Qu’importe que Thierry Breton ait largement contribué à envoyer dans le mur plusieurs fleurons industriels français : c’est presque un signe d’appartenance au monde médiocre du patronat français. Cette caste qui se raconte qu’elle tire le pays vers le haut et qu’on lui devrait tout, alors que son bilan est surtout visible en termes de désindustrialisation et de stagnation du niveau de vie. Lorsqu’il intervient pour donner des leçons d’éco-gestion, personne ne semble disposé à évoquer son mauvais bilan. Certainement car plus personne ne semble en capacité de le faire : la presse financière appartient désormais intégralement à la grande bourgeoisie (Les Echos est le seul quotidien d’actualité économique du pays et il appartient à Bernard Arnault avec lequel Thierry Breton a des liens d’amitié, comme il le confie, dans Libération : «Avec Bernard, on se parle tout le temps. La vie nous a appris à avoir confiance l’un envers l’autre”), la presse et les médias généralistes également, et les syndicats, seuls à même de dénoncer l’irresponsabilité et le mauvais bilan des dirigeants d’entreprise, sont souvent affaiblis, complices ou muselés.

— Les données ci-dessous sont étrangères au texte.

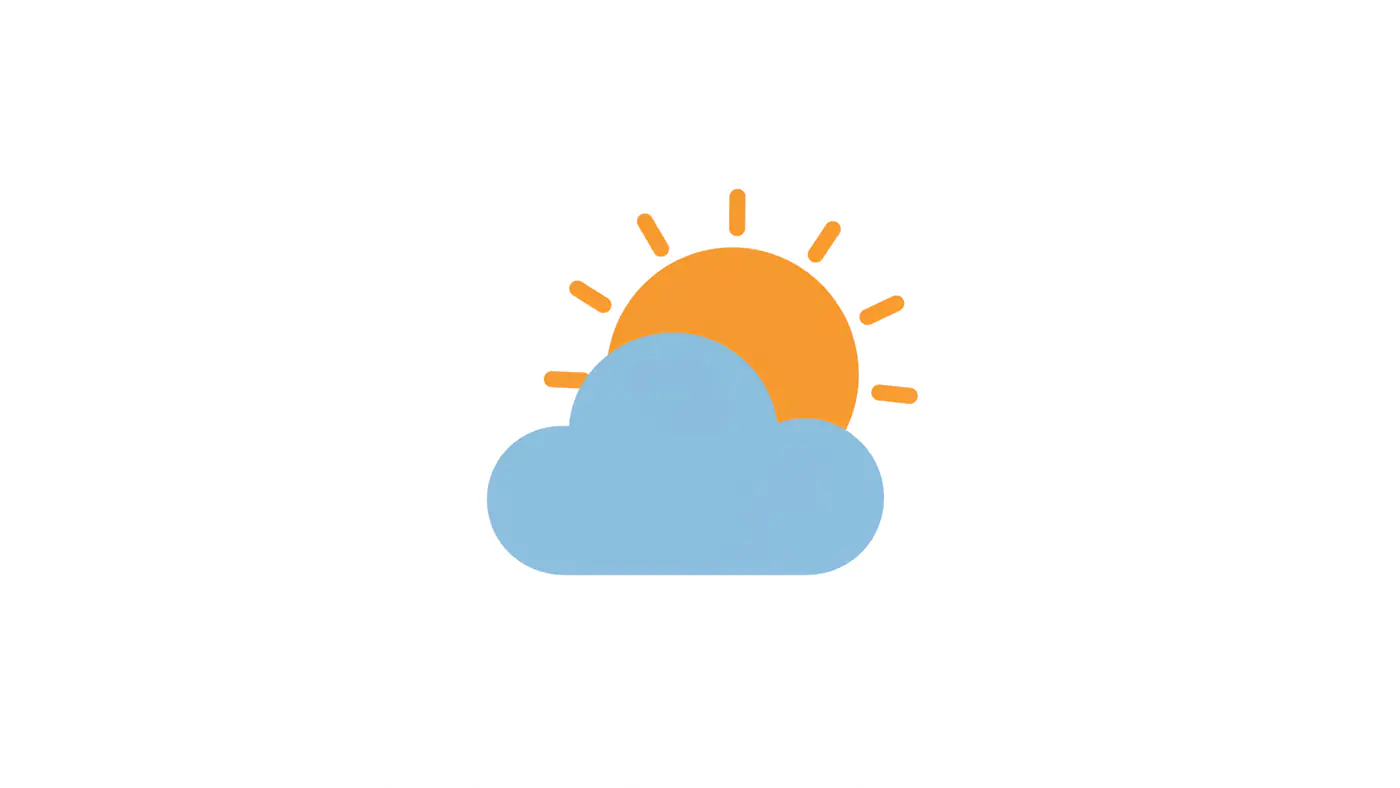 Partly Cloudy Weather Symbol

En attendant, quand on connaît son bilan, on sait désormais que Thierry Breton est la boussole qui indique le sud. Ses conseils de gestion ne devraient rien valoir à nos yeux de citoyens parce que son action de PDG a toujours consisté à faire passer les résultats financiers à court terme – et son bénéfice personnel – avant la pérennité et l’adaptation de son outil de travail. Il rêve de la même chose pour la France : un “choc d’austérité” susceptible d’affaiblir considérablement les services publics mais aussi de soulager le peu de contraintes sociales et fiscales qui pèsent encore sur la classe capitaliste en France qui, grâce aux bonnes recettes du docteur Breton, pourront se féliciter que le journalisme français fasse encore passer ses meilleurs lobbyistes pour de neutres experts.